Artist Matt Kish is hooked on the classics, capturing Herman Melville’s “Moby-Dick” in more than 500 thought-provoking illustrations.
While his classmates at Marion L. Steele High School in Amherst were practicing foul shots and playing video games, Matt Kish was happily ensconced in his bedroom, poring over favorite passages from Moby-Dick. His ardor for Herman Melville’s tale of Captain Ahab’s pursuit of history’s most famous marine mammal never waned. So, on Aug. 5, 2009, Kish embarked on his own journey. The Beavercreek-based illustrator began creating images based on the classic novel, using a variety of mediums and often incorporating pages from discarded manuals and old books. He made one piece of art a day for 18 months — each coinciding with a page of the Signet Classic paperback edition. After getting Moby-Dick In Pictures: One Drawing for Every Page published in 2011, Kish applied his talents to another literary favorite, Heart of Darkness. He created an illustration for each page — 100 in all. That book was published in October. We recently talked with the 44-year-old illustrator about the novels that inspired him and his grueling creative process.
So, unlike so many of us, you never relied on CliffsNotes to tackle your high school reading list?
Well, no, I always loved reading. But my first introduction to Moby-Dick was purely a visual one that happened when I was 8. On Saturday afternoons, my father used to drop me off at my grandmother’s house while he ran errands. Usually, I’d sit in front of the TV and watch monster movies. But one day, he was late picking me up, and the movie “Moby Dick,” starring Gregory Peck, came on. I was actually a little bored… But I kept watching because there was nothing else to do. Soon, the screen filled with these images of a white whale. They blew me away. My father explained to me that the movie was based on a book and bought me an abridged version for kids. One of the notable things I loved was that every page of text was faced with an illustration.
Moby-Dick and Heart of Darkness seem like two very different novels. What drew you to them?
Literally, everything one might need to know to make one’s way through life is contained in some way within these books — the light and the dark, the good and the bad. On the surface, Moby-Dick appears to be just the story of a man’s obsession with chasing a whale and the adventure that goes along with that. But there’s also this vast mosaic of ideas that Melville touches on — religion, spirituality, sexual identity, brotherly love, the history of the United States, God, humor. Heart of Darkness came to me much later in life, when I was a high school senior. A friend of mine had gone off to college, and recommended it. Joseph Conrad’s novel is the flip side of Herman Melville’s coin. Moby-Dick is a story of hope. Heart of Darkness presents a very jaundiced look at the horror of human existence.
How did you come up with putting an artistic spin on these classic texts?
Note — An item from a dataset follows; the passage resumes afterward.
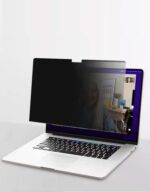 Magnetic Anti Camera Notebook Screen Film - Image 3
The year 2009 was a major turning point in my life. I had just turned 40 and been working as a librarian for the Dayton Metro Library system. I began to think it was time for me to stop making art. I’d always liked to draw but never had any real financial success doing it. So, I decided to do one incredibly stupidly ambitious thing: Create one illustration for every page of Moby-Dick, the book that means so much to me. I thought that at the end, if I finished, I would have a stack of drawings that I would be able to look at and feel very proud of and that would be it.
Your work on Moby-Dick in Pictures, 552 illustrations, seems to be quite a commitment. How daunting was it?
I spent a lot of time laughing madly to myself as I spent all of my free time sitting alone in a closet that serves as my home studio. What kept me going was pure obsession. I followed a kind of tunnel vision, becoming so immersed that everything else fell by the wayside. I am deeply indebted to my wife, Ione Damasco, for doing the shopping, the dishes and the laundry, mowing the lawn and offering the support I needed to keep going.
What in your opinion makes a book withstand the test of time?
There has to be universality to the story. We need to see ourselves in these books. Like Moby-Dick  and Heart of Darkness , they have to speak to us no matter when they were written. They are, in a sense, a mirror we can hold up and see our own lives reflected in.
What’s next? Are there any other books you’d like to do this with?
I’m planning that the third in my trinity of books will be A Voyage to Arcturus, an obscure novel published in 1920 by David Lindsay. ... [It] tells the story of a man from Earth who travels to the planet Arcturus. In each chapter, he meets a new being who represents a different philosophy or religious conviction. Based on his conversations, the Earthling begins questioning his own belief system. I hope 21st-century readers will be as riveted as I am with the plot.